**TASK OBJECTIVE**
Print the first line of the data below and every one after it, through the line containing "Framed Seaweed Under Water III Print", exactly as written.

**MATERIAL FOR THIS EXERCISE**
---*---
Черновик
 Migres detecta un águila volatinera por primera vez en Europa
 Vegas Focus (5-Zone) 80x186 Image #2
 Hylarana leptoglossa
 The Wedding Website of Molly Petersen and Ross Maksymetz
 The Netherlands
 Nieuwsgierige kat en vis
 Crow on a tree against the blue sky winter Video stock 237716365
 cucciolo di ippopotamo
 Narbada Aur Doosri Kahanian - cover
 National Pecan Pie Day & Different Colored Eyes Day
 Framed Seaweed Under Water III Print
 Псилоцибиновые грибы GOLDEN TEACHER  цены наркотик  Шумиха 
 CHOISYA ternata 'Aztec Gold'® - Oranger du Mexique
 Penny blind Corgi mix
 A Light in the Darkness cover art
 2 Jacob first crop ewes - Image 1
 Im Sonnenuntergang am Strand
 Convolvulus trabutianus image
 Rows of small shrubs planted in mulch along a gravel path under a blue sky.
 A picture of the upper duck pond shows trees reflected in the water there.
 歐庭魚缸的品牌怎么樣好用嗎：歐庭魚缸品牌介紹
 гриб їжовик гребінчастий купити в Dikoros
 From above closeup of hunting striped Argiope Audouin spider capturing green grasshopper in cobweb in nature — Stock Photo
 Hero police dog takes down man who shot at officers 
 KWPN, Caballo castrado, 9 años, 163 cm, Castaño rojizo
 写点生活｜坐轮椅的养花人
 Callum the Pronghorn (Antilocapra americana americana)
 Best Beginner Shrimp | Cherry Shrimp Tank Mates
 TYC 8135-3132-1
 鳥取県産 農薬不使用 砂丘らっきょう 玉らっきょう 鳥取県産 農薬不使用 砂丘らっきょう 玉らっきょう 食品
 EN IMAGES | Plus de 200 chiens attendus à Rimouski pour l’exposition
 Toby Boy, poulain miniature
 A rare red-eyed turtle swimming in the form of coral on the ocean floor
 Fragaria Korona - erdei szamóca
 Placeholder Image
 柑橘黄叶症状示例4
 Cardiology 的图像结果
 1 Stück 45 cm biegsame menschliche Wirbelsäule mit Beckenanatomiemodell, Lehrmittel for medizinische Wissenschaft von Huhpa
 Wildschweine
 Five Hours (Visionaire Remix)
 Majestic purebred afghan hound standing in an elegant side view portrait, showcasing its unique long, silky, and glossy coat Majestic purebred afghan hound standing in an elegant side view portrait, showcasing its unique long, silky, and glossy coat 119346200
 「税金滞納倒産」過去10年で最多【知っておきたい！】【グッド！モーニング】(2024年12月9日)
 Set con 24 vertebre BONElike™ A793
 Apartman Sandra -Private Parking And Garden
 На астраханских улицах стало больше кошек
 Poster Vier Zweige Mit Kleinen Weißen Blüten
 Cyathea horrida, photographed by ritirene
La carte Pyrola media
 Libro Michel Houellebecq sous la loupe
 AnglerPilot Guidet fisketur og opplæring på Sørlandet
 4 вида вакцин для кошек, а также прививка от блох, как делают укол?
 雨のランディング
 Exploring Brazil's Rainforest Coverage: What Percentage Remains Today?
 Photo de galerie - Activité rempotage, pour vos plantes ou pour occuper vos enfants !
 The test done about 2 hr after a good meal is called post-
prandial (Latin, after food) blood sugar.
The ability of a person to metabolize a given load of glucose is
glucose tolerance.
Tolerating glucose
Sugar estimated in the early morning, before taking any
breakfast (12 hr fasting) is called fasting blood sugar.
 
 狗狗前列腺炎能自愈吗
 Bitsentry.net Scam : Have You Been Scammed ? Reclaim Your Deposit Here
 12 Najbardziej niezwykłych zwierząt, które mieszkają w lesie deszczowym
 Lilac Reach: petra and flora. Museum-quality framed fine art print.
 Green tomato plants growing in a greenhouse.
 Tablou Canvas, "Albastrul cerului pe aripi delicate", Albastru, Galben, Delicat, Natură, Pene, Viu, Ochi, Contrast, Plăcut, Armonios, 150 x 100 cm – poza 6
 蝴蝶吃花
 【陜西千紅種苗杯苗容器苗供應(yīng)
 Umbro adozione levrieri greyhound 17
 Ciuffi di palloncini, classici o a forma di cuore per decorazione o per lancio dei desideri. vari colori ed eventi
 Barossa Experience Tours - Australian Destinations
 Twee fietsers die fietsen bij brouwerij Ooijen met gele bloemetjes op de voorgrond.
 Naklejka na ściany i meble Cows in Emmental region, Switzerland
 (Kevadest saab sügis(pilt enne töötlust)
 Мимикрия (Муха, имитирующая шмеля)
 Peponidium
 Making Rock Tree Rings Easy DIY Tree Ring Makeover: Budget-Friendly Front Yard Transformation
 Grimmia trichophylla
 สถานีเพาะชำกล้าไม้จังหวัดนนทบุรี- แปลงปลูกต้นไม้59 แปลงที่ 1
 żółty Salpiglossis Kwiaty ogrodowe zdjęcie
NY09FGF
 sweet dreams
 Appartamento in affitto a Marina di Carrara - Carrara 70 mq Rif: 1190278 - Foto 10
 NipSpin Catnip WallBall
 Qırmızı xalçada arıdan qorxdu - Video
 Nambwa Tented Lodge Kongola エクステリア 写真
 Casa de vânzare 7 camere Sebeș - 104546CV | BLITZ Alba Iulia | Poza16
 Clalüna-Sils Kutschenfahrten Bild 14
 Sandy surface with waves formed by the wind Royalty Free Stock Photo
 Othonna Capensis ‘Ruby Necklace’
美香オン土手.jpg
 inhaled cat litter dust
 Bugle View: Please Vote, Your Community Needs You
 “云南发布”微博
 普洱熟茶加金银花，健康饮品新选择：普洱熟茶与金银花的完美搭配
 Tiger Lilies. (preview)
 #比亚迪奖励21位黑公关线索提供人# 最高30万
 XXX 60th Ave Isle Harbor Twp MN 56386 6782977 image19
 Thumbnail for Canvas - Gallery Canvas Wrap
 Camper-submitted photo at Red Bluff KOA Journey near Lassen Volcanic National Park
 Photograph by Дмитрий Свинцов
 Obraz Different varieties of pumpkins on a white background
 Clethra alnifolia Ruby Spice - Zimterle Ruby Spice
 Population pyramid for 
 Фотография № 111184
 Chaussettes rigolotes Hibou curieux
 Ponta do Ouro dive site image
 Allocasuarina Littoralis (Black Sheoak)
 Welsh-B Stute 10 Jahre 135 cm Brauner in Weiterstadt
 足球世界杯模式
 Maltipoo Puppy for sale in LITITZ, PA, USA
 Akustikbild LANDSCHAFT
---*---
**TASK ANSWER**
Черновик
 Migres detecta un águila volatinera por primera vez en Europa
 Vegas Focus (5-Zone) 80x186 Image #2
 Hylarana leptoglossa
 The Wedding Website of Molly Petersen and Ross Maksymetz
 The Netherlands
 Nieuwsgierige kat en vis
 Crow on a tree against the blue sky winter Video stock 237716365
 cucciolo di ippopotamo
 Narbada Aur Doosri Kahanian - cover
 National Pecan Pie Day & Different Colored Eyes Day
 Framed Seaweed Under Water III Print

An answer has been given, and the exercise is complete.